In 2015 when South African investigative TV programme Carte Blanche revealed that host of rare game animals had been donated to private farm owners in South Africa’s North West Province, public outrage ensued. Not surprisingly, for the gift, that included 50 white rhino, was worth some R183 million and was made under highly questionable circumstances. Now, Parliament’s Environment Portfolio Committee says the transaction was conducted illegally and undermines transformation, and has called for criminal charges to be brought against the officials responsible.
R183 million North West game donation undermines transformation
BY JANINE AVERY | CONSERVATION ACTION TRUST | 7 NOVEMBER 2017
Parliament’s Environment Committee has called for criminal charges against top North West officials following a R183 million donation of rare wildlife species to ‘politically connected’ private farm owners.

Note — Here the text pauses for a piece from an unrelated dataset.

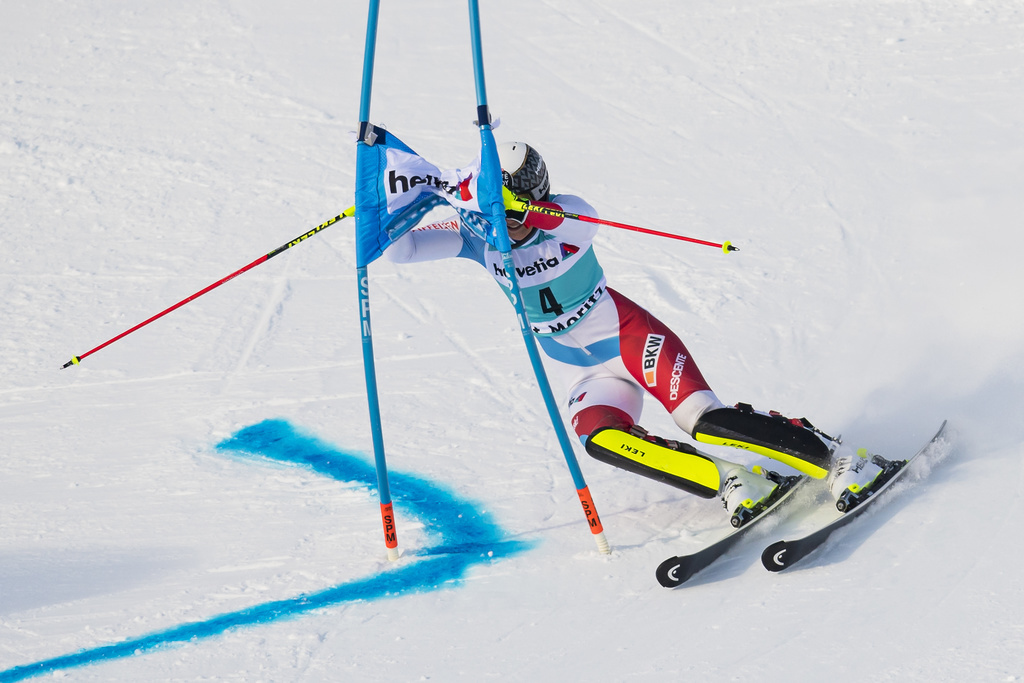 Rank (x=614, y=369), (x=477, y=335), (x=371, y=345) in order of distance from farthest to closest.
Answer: (x=477, y=335) < (x=614, y=369) < (x=371, y=345)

It said the donation undermined transformation, did not follow conservation principals and was rushed through by those in power.
North West Rural, Environmental and Agricultural Department recently donated high-value game species worth R183,190,830 to persons who are alleged to be politically connected.
According to the committee report, the donation was pushed through by the MEC, Manketse Tlhape, who called for more species to be added to the tally, despite being advised otherwise by her Chief Conservation Officer. She did not advertise for the contract or take transformation issues into account. She even admitted that she had not fully complied with the BEE equity targets for the transaction.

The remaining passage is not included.